If Something Sucks, Do It As A Career
Want to create value? Do the jobs no one else wants to do.
“If something sucks,” grandpa Paxton used to say, “do it as a career 'cause people will pay you to do it, 'cause they don’t wanna do it.”
Today, Matt Paxton is a “downsizing and cleaning expert”, speaker, author, and host on the Legacy List with Matt Paxton TV show. But, as Paxton recalls in an Art of Manliness interview, it all started with him embodying that advice.
I honestly just… I didn’t hate it [cleaning], so that’s why I kept doing it, and then when I cleared out those four houses, I still didn’t know what I wanted to do, so I just kept cleaning [for] little old ladies at church. I’d clean their attics and their basements, and then I started helping them move out, and then I realized these hoarding houses, nobody wanted to touch them. And so, I could charge more.

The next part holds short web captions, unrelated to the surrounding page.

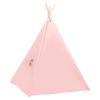 Miniatuurafbeelding van het product 4 van 8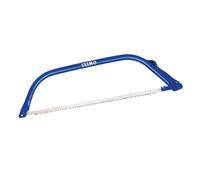 Arco tronzador para madera verde y mojada 36"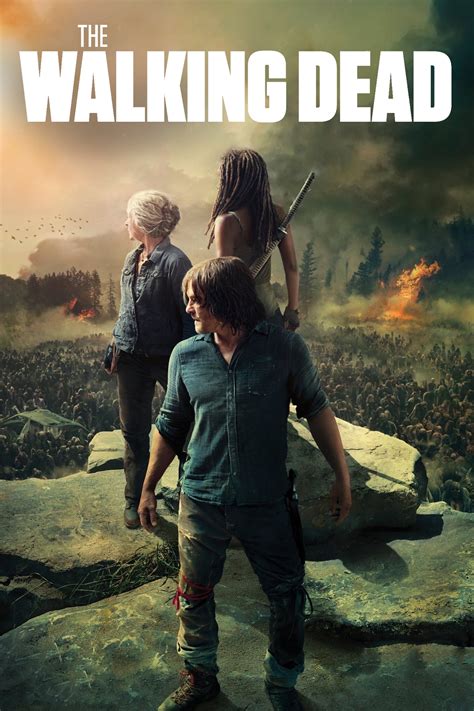 walking dead season 10 ep4|walking dead season 10 123movies.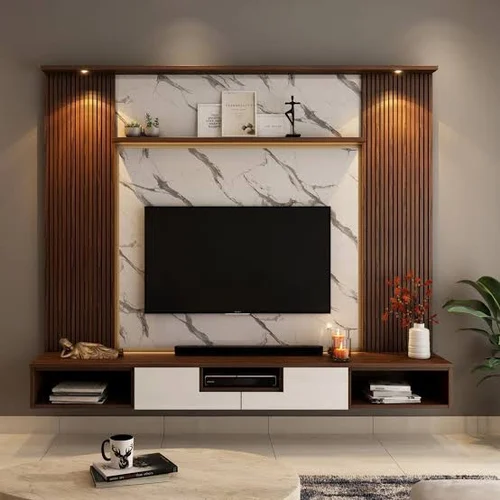 Slider image 3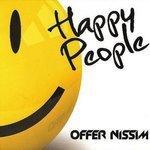 Слушать альбом - Happy People (2008)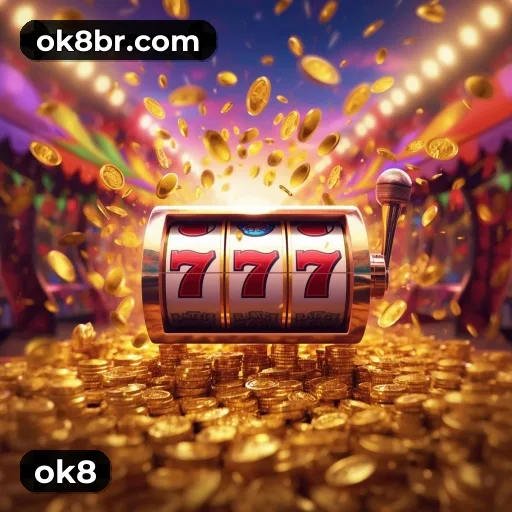 slot_Jackpots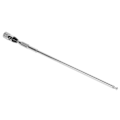 Pikkukuva 4 / 5: UHF-radioantenni 400-470 MHz SMA-naaras teleskooppinen amatööriradioantenni BaoFeng UV 5R UV5RA UV 5RE -puhelimille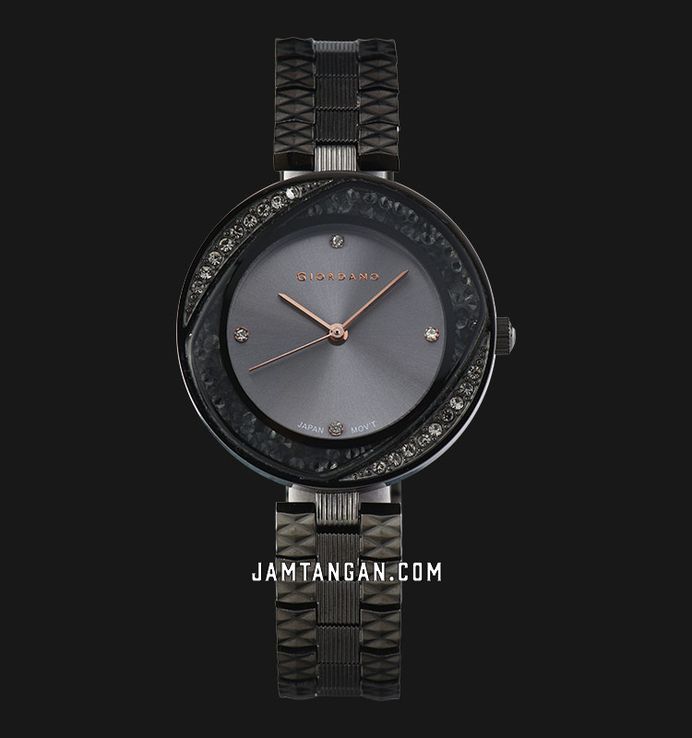 Giordano easytime hotsell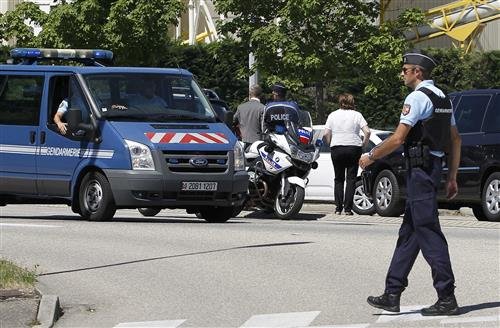 Κύμα τρομοκρατίας: Τρία χτυπήματα και 65 νεκροί σε Γαλλία, Τυνησία, Κουβέιτ | iefimerida.gr 4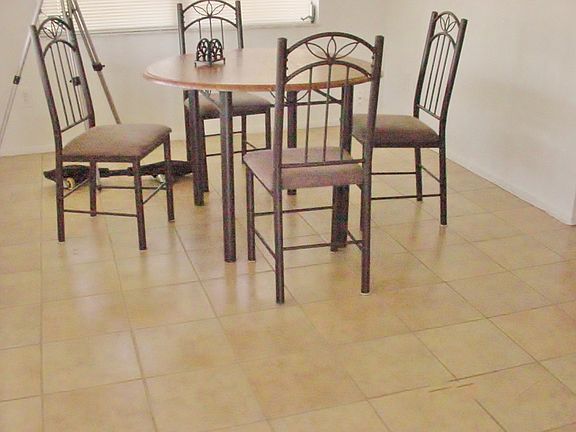 5th image of 3621 Ortona Dr #1
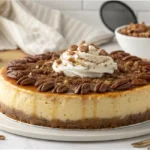 American philadelphia-pecan-pie-cheesecake--a-decadent-reci-min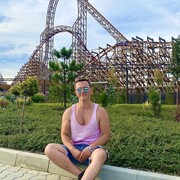  ,   Alex, 31 ,   ,   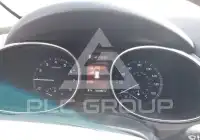 2018 Hyundai Santa Fe фото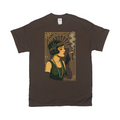 Apparel-DTG-Tshirt-Gildan-2000-2XL-DarkChocolate-Mens-CF-20250822104226231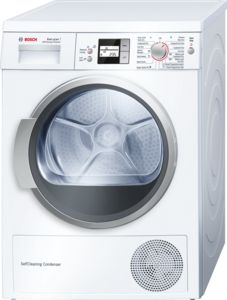 WTW86562GB/16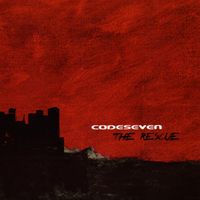Codeseven - The Rescue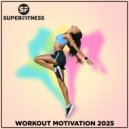 SuperFitness - Can Not Let Go (Workout Mix Edit 133 bpm)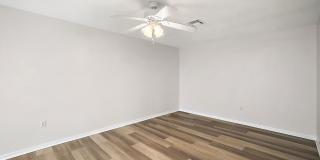 202 Fernwood Street - 1 Gallery 8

Paxton took on cleaning the houses nobody wanted to clean, the hoarders’ houses. And in doing so, he got to set his price.
As Derek Sivers succinctly put it, money is a neutral indicator of value.
The fact that people were willing to pay Paxton for cleaning, and in fact paying him extra for the hoarding houses, means the job was intrinsically valuable.
Grandpa Paxton’s advice is as applicable to messy houses as to the world of ideas.
In every job, in every company, in every team, there are tasks and projects that need doing but no one wants to do. They are great opportunities for ambitious people who want to make themselves valuable and become linchpins.
More often than not, those jobs are also ripe for innovative solutions, new workflows, and automation. The SaaS world is filled with products that spun up from agencies noticing multiple clients having the same problem.
Problem solving leads to satisfaction. It doesn’t matter if the job is not sexy. Whether it’s cleaning houses or automating the dreaded weekly report, by doing what nobody else wants to do, and doing it well, you will become valuable in the marketplace.
What’s a job nobody wants to do in your team? What would happen if you picked it up and made it your mission to get it done?